New research undertaken by Dr Tatyana Humle, DICE alumnus Thomas Evans and James Wingard has found that the habitats of West African (western) chimpanzees are threatened due to inadequate legislative protection from human development.
Western chimpanzees have been classified as critically endangered since 2016, having declined by 80% in 24 years. Across the eight range countries of the western chimpanzee (Côte d’Ivoire, Ghana, Guinea, Guinea-Bissau, Liberia, Mali, Senegal, and Sierra Leone) the continuing trend of species decline is principally attributed to human activities including poaching, habitat loss and habitat fragmentation.
While western chimpanzees are legally protected throughout their range, an estimated 83% of the population lives outside of protected areas. They are therefore at risk from human development, especially open-cast mining which can be highly destructive and has seen a surge in international investment.
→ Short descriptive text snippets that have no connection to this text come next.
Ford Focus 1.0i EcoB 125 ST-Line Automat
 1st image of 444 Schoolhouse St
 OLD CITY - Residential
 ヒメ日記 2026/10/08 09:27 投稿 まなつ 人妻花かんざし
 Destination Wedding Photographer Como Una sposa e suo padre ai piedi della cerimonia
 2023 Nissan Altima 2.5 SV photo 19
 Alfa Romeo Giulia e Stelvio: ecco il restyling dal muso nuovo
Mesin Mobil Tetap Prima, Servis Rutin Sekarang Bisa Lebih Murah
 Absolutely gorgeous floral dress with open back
The research published by Biological Conservation suggests that the national legislation in place to regulate the environmental impacts of proposed development requires reform, including improved incorporation of mitigation hierarchy principles.
For the study, undertaken by Dr Tatyana Humle, Thomas Evans and James Wingard (Legal Atlas), a total of 175 laws were reviewed across the eight range countries of western chimpanzees, as well as Costa Rica as a benchmark of best practice. Laws reviewed can be found in the Legal Atlas® platform under the topics Environmental Impact Assessments and Wildlife Trade.
The researchers’ analytical framework assessed each country’s legislation laws for avoiding impacts on chimpanzees, minimising and remediating impact on chimpanzees and the use of biodiversity offsets. Dr Humle said:
‘The Environmental Impact Assessment (EIA) procedures utilised by the countries examined do not go far enough to protect western chimpanzees. With global biodiversity loss occurring at an alarming rate, this is a major concern.’
Thomas Evans said: ‘Mitigation hierarchy principles are critical to species conservation and help to regulate the environmental impacts of projects that are not reliant upon development banks or other debt-financing markets. A tightening of legislation is necessary to ensure that avoidance, remediation and offset measures are implemented in line with the objective of safeguarding the habitat of this critically endangered species.’